**WORK REQUEST**. Using the records below, quote only the span that opens with the line containing "FILE - An old, U.S.- made car in Havana." and closes with the line containing "Employees seated at", exactly and inclusively.

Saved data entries
_ _ _
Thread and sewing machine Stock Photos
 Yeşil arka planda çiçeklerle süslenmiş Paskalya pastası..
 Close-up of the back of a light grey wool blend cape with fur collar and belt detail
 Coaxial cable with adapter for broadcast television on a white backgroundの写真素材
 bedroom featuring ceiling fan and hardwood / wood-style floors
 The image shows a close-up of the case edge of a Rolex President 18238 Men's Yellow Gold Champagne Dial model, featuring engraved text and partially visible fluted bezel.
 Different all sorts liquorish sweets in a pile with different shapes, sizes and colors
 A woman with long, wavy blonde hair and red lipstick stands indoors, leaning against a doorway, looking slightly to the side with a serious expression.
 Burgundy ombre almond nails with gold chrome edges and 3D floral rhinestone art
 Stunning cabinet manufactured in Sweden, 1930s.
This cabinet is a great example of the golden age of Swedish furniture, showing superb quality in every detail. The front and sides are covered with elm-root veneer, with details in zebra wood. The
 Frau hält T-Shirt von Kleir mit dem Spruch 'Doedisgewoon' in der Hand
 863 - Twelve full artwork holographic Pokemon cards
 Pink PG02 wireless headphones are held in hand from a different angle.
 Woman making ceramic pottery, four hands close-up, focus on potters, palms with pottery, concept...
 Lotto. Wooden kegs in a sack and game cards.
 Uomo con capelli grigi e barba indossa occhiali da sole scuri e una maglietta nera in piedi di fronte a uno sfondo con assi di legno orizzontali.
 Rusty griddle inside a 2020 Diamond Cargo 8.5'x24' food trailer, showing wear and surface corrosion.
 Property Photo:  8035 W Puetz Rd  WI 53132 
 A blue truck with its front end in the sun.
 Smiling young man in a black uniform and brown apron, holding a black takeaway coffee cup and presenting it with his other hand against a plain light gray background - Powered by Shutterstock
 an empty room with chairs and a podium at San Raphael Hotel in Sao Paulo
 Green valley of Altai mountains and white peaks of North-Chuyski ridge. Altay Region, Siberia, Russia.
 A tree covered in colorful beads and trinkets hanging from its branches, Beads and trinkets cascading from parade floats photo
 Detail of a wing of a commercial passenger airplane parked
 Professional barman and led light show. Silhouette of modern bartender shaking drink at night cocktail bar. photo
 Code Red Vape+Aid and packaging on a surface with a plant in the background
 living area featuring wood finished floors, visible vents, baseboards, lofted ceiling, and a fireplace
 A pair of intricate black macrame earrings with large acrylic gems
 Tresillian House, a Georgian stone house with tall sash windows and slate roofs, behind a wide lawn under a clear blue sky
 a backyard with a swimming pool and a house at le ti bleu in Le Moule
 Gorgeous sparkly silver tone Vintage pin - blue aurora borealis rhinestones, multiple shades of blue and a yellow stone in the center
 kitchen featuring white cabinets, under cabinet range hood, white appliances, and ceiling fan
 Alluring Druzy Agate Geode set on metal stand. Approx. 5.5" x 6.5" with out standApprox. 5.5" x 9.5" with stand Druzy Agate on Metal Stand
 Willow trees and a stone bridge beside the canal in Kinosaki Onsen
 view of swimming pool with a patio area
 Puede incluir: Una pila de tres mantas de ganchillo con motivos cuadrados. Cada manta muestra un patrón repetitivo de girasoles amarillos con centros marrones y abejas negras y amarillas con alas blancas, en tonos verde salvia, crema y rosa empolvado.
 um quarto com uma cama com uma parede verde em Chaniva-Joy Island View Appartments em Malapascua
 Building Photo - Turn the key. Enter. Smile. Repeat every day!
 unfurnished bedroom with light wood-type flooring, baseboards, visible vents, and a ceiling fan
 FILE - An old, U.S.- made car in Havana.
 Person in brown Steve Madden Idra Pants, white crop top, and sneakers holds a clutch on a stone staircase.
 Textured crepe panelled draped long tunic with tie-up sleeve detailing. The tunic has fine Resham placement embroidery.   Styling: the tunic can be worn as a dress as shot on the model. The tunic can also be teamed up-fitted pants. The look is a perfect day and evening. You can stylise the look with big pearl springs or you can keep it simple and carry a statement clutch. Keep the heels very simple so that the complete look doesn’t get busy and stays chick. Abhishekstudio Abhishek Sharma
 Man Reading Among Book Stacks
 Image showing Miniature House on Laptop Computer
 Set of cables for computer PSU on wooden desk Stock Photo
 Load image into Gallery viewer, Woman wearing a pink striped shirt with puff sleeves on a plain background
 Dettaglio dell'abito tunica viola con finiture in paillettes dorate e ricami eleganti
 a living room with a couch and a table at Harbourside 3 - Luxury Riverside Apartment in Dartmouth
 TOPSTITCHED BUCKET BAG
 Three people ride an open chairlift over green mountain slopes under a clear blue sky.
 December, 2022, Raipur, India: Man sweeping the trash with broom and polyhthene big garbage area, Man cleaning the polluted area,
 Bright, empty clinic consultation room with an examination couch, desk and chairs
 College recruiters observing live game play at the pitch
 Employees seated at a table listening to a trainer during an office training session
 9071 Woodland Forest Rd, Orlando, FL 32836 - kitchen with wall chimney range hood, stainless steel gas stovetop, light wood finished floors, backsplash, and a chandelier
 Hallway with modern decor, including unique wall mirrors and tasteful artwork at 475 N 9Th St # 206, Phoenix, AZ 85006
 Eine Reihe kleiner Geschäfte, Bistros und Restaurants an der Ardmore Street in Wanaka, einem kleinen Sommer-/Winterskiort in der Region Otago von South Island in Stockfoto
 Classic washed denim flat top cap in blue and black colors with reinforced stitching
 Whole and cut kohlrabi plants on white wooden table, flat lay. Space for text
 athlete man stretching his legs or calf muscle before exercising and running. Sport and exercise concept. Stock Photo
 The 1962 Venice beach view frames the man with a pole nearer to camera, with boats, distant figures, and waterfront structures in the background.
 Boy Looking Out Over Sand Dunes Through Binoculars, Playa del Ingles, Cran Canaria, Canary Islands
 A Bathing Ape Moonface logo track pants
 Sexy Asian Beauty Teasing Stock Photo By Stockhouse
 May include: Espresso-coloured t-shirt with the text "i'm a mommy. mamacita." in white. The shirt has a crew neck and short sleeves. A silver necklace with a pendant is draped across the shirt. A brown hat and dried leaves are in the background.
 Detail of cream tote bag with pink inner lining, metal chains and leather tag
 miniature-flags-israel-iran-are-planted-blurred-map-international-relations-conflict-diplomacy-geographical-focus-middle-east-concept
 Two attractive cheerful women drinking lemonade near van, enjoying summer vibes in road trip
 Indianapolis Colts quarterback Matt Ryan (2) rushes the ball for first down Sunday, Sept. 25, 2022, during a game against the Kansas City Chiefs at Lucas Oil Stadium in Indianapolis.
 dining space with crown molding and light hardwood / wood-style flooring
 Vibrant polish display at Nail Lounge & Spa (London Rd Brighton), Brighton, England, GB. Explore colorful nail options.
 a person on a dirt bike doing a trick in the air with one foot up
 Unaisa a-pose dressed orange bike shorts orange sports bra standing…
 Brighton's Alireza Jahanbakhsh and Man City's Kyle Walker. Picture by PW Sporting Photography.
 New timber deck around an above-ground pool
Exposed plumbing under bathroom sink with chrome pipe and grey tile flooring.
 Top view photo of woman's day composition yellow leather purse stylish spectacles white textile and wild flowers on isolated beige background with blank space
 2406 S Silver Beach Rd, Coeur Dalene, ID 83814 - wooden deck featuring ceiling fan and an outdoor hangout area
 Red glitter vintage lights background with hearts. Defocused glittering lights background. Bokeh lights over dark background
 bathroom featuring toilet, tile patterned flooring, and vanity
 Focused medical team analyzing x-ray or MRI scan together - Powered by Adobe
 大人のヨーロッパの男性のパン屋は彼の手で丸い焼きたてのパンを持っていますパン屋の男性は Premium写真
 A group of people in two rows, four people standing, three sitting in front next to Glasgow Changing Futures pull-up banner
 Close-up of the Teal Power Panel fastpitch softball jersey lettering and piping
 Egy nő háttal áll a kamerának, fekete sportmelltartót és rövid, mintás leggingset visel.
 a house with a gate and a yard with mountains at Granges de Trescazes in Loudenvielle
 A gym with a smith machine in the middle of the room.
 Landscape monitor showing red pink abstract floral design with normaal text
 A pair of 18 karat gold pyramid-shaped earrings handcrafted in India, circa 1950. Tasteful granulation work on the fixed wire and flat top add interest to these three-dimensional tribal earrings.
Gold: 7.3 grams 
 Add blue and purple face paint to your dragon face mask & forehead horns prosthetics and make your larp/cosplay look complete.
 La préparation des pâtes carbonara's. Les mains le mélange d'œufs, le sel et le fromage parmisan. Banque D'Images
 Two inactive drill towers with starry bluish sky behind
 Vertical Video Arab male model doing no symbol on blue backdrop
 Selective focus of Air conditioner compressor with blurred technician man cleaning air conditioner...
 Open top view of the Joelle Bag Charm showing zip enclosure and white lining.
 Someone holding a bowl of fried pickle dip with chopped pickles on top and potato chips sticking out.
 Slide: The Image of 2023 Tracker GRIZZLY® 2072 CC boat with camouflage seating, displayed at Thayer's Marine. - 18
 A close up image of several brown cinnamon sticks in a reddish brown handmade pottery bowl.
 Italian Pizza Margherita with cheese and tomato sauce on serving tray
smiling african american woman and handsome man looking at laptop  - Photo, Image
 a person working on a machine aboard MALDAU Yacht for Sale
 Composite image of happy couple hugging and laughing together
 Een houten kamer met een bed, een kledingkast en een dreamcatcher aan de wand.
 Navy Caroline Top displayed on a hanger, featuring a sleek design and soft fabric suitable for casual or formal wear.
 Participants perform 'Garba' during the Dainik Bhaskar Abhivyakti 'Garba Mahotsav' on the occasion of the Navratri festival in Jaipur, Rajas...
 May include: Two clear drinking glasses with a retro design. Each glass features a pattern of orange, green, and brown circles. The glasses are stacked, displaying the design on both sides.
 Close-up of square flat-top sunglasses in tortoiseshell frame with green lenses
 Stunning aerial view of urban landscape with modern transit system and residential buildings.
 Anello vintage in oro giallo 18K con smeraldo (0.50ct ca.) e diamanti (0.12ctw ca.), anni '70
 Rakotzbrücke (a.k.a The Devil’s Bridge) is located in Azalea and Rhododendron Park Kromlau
_ _ _
**SOLUTION**.
 FILE - An old, U.S.- made car in Havana.
 Person in brown Steve Madden Idra Pants, white crop top, and sneakers holds a clutch on a stone staircase.
 Textured crepe panelled draped long tunic with tie-up sleeve detailing. The tunic has fine Resham placement embroidery.   Styling: the tunic can be worn as a dress as shot on the model. The tunic can also be teamed up-fitted pants. The look is a perfect day and evening. You can stylise the look with big pearl springs or you can keep it simple and carry a statement clutch. Keep the heels very simple so that the complete look doesn’t get busy and stays chick. Abhishekstudio Abhishek Sharma
 Man Reading Among Book Stacks
 Image showing Miniature House on Laptop Computer
 Set of cables for computer PSU on wooden desk Stock Photo
 Load image into Gallery viewer, Woman wearing a pink striped shirt with puff sleeves on a plain background
 Dettaglio dell'abito tunica viola con finiture in paillettes dorate e ricami eleganti
 a living room with a couch and a table at Harbourside 3 - Luxury Riverside Apartment in Dartmouth
 TOPSTITCHED BUCKET BAG
 Three people ride an open chairlift over green mountain slopes under a clear blue sky.
 December, 2022, Raipur, India: Man sweeping the trash with broom and polyhthene big garbage area, Man cleaning the polluted area,
 Bright, empty clinic consultation room with an examination couch, desk and chairs
 College recruiters observing live game play at the pitch
 Employees seated at a table listening to a trainer during an office training session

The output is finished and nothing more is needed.